Nonadiabatic Kohn Anomaly in Heavily Boron-Doped Diamond

We report evidence of a nonadiabatic Kohn anomaly in boron-doped diamond, using a joint theoretical and experimental analysis of the phonon dispersion relations. We demonstrate that standard calculations of phonons using density-functional perturbation theory are unable to reproduce the dispersion relations of the high-energy phonons measured by high-resolution inelastic x-ray scattering. On the contrary, by taking into account nonadiabatic effects within a many-body field-theoretic framework, we obtain excellent agreement with our experimental data. This result indicates a breakdown of the Born-Oppenheimer approximation in the phonon dispersion relations of boron-doped diamond.

Figure 1

(a) Density-functional theory band structure of diamond for a B concentration of $1.4\times 10^{21}{\mathrm{cm}}^{-3}$. (b) Adiabatic phonon dispersions of pristine (blue lines) and B-doped diamond (dashed black lines) for momenta along $L\text{−}\mathrm{\Gamma }\text{−}X$, as obtained from density-functional perturbation theory. (c)–(e) Measured IXS spectra of pristine and B-doped diamond. The critical momentum for the onset of the KA, $q_c=2k_F$, is indicated by vertical dashed lines; see also (a). (f)–(h) Nonadiabatic spectral function, obtained from Eqs. (1) and (2), for the LO phonon of (c) pristine and (d),(e) B-doped diamond along $\mathrm{\Gamma }\text{−}X$. The phonon branch considered here is marked by the red line in panel (b). (i)–(k) Phonon energies obtained from Eq. (3) in the adiabatic approximation (${\mathrm{\Pi }}_{\mathbf{q}\nu }^{\mathrm{NA}}=0$) and from the fully nonadiabatic theory (present theory). Nonadiabatic phonon dispersions of undoped diamond are reported for comparison.
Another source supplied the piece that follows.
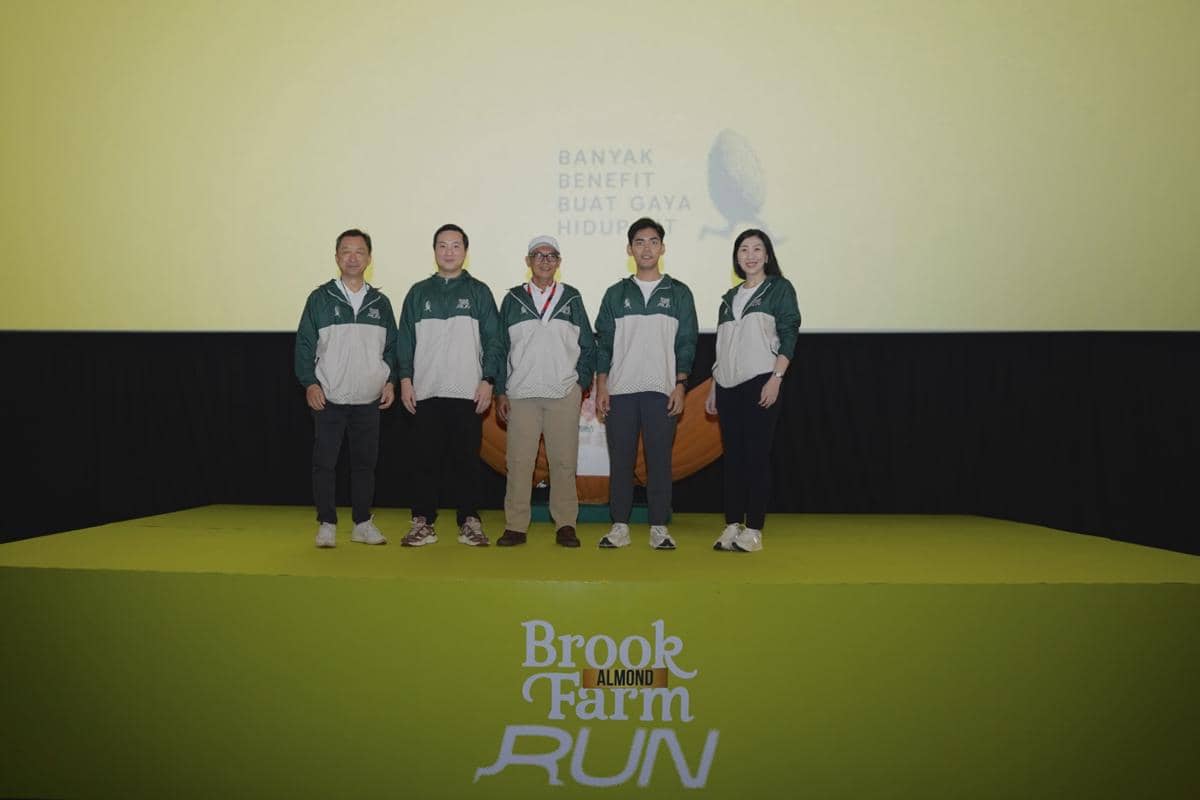 Lima orang mengenakan jaket hijau abu-abu berdiri di atas panggung dengan latar bertuliskan BrookFarm Almond Run 2026.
All doping concentrations are in units of ${\mathrm{cm}}^{-3}$.

Figure 2

Energy renormalization of the longitudinal optical phonons of diamond, for doping concentrations of (a) $1.4\times 10^{21}{\mathrm{cm}}^{-3}$ and (b) $3\times 10^{20}{\mathrm{cm}}^{-3}$: experiment (squares) and adiabatic (dashed red line) and nonadiabatic theory (blue line).